Run through the data and copy out every line that mentions the word "Wall".

___ Information

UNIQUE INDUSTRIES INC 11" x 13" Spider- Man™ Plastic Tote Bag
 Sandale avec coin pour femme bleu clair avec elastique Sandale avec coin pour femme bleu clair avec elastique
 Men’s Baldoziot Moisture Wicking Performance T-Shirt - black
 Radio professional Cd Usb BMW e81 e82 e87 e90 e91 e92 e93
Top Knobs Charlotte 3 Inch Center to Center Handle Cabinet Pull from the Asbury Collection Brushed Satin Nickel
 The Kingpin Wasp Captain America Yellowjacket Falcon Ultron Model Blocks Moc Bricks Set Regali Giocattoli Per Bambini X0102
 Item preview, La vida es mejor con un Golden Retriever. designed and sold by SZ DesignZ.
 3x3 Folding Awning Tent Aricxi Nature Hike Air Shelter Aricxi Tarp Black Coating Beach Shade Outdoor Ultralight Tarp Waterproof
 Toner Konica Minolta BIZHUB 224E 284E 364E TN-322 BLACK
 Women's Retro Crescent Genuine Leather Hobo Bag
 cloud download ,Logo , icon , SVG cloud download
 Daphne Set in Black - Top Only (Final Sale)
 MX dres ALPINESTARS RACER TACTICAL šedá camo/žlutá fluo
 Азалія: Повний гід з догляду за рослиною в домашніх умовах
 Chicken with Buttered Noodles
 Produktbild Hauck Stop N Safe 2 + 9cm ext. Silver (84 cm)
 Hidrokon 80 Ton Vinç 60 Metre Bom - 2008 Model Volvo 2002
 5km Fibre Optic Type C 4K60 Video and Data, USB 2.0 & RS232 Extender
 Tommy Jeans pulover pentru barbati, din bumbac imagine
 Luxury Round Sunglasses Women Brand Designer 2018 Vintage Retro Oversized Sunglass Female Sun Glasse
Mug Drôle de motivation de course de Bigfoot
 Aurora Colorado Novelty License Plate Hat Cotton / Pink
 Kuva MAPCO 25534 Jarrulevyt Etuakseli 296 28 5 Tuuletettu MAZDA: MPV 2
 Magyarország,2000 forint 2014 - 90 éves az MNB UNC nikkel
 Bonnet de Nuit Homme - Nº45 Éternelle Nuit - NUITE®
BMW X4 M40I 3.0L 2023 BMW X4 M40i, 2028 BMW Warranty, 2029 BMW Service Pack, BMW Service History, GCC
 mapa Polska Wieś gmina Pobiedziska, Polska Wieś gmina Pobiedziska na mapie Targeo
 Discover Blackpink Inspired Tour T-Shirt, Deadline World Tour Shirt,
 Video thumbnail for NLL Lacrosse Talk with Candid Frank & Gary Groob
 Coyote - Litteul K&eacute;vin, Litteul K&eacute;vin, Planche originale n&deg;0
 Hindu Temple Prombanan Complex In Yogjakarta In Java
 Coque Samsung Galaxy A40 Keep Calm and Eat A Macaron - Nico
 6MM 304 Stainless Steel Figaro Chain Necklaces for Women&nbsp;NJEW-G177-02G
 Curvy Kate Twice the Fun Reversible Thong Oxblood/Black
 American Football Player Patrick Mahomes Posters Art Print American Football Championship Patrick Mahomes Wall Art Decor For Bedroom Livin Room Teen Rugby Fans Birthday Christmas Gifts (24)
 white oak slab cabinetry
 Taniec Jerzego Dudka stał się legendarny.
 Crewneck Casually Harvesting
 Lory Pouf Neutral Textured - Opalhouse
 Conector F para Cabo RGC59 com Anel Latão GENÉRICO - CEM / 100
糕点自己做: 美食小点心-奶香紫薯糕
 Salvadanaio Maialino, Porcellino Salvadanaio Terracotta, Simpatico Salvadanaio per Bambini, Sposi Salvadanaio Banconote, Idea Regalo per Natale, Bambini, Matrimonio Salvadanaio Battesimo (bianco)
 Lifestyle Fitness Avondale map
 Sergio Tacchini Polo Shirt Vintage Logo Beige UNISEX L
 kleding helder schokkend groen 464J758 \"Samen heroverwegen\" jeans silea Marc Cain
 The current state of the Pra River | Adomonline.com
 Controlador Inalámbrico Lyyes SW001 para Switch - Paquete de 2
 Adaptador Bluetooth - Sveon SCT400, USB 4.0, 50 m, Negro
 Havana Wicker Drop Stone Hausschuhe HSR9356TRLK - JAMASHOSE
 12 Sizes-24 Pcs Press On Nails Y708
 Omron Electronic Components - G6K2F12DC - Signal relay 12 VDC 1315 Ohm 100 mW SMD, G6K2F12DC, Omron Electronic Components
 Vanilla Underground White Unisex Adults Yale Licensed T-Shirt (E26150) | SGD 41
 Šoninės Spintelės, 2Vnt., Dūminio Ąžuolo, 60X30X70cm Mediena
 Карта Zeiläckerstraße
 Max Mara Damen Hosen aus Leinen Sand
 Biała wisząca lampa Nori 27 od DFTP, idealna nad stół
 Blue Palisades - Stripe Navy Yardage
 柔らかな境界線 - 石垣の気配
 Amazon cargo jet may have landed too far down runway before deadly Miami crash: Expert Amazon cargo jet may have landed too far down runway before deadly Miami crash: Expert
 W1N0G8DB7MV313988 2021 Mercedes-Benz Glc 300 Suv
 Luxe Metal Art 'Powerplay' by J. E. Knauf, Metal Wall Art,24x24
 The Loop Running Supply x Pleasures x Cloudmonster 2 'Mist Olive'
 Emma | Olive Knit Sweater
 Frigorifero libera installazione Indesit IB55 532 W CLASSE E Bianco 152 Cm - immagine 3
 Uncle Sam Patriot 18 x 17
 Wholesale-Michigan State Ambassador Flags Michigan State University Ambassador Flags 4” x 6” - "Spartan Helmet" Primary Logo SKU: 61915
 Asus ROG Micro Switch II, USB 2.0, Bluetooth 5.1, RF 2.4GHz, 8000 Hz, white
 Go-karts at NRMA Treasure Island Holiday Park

______

**Result of this task:**
 American Football Player Patrick Mahomes Posters Art Print American Football Championship Patrick Mahomes Wall Art Decor For Bedroom Livin Room Teen Rugby Fans Birthday Christmas Gifts (24)
 Luxe Metal Art 'Powerplay' by J. E. Knauf, Metal Wall Art,24x24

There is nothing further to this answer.